[Supplied data]:
================================

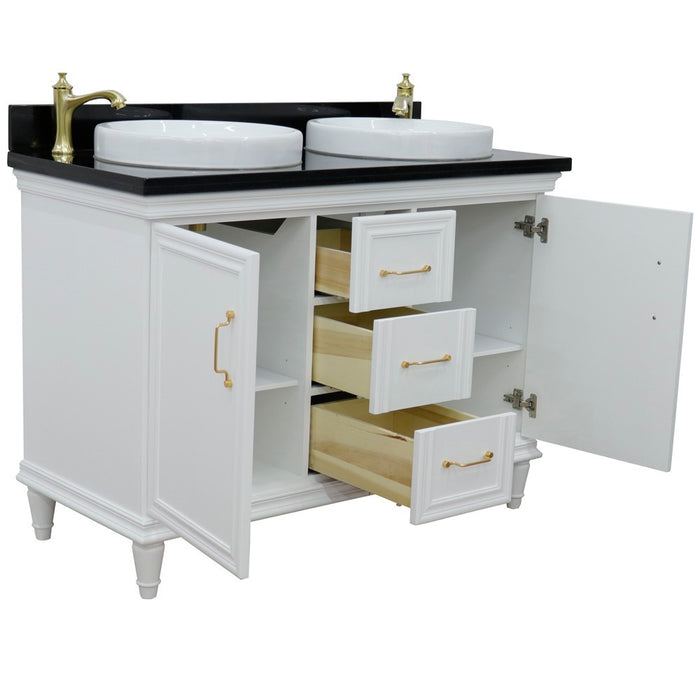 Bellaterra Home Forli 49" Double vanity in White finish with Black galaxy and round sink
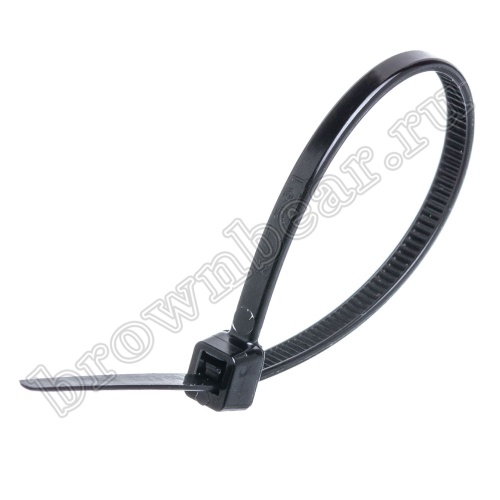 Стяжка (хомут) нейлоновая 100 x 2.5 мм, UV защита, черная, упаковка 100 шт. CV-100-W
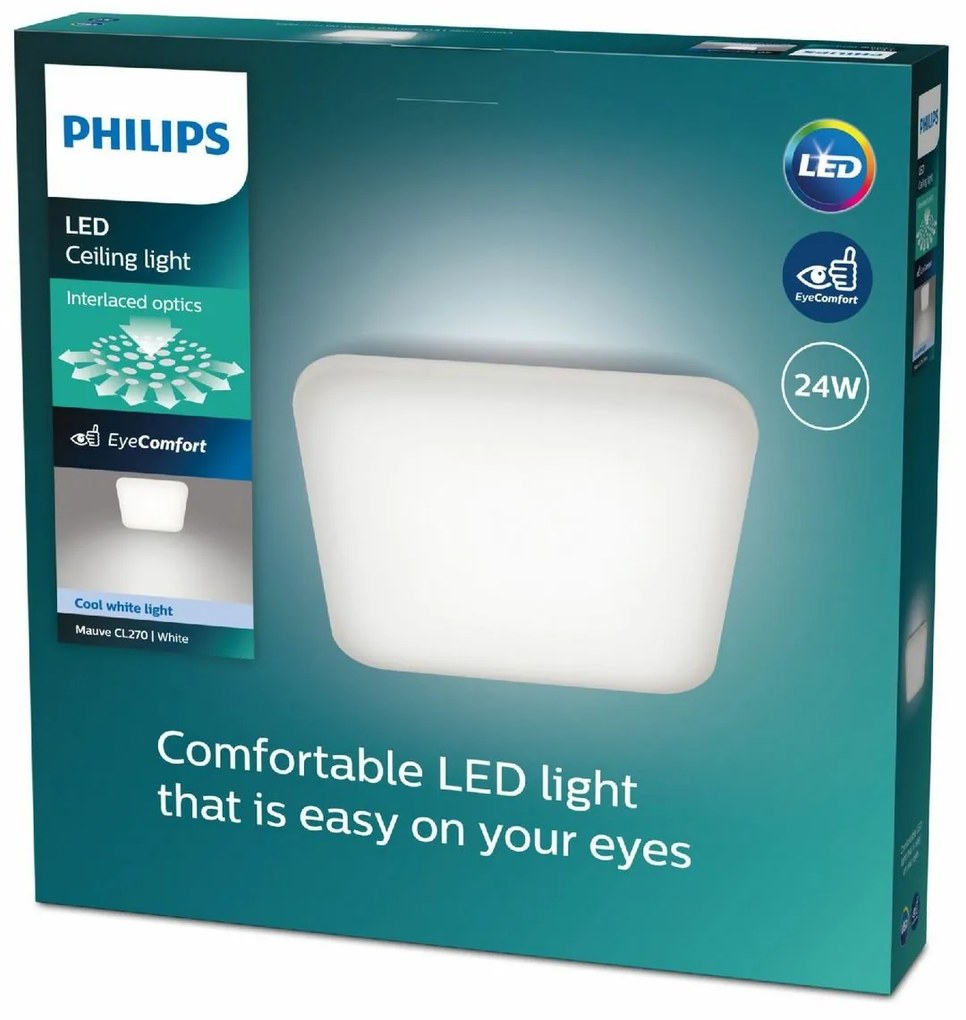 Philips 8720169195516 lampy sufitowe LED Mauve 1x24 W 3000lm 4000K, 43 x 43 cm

================================

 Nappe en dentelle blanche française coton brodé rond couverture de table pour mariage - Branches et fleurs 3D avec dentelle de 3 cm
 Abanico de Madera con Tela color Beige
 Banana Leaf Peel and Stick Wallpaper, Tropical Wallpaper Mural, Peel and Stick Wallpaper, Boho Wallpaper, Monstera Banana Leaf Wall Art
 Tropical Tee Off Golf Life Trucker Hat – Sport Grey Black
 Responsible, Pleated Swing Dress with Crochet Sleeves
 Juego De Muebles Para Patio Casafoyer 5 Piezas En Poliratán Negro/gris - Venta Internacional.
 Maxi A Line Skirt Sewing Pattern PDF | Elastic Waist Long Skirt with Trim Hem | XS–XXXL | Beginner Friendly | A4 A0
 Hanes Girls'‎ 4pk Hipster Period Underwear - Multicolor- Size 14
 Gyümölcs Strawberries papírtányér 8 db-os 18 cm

================================

[What this task involves]: Look through the entries above, and wherever a line holds the string "Tropical", copy it.

[Task answer]:
 Banana Leaf Peel and Stick Wallpaper, Tropical Wallpaper Mural, Peel and Stick Wallpaper, Boho Wallpaper, Monstera Banana Leaf Wall Art
 Tropical Tee Off Golf Life Trucker Hat – Sport Grey Black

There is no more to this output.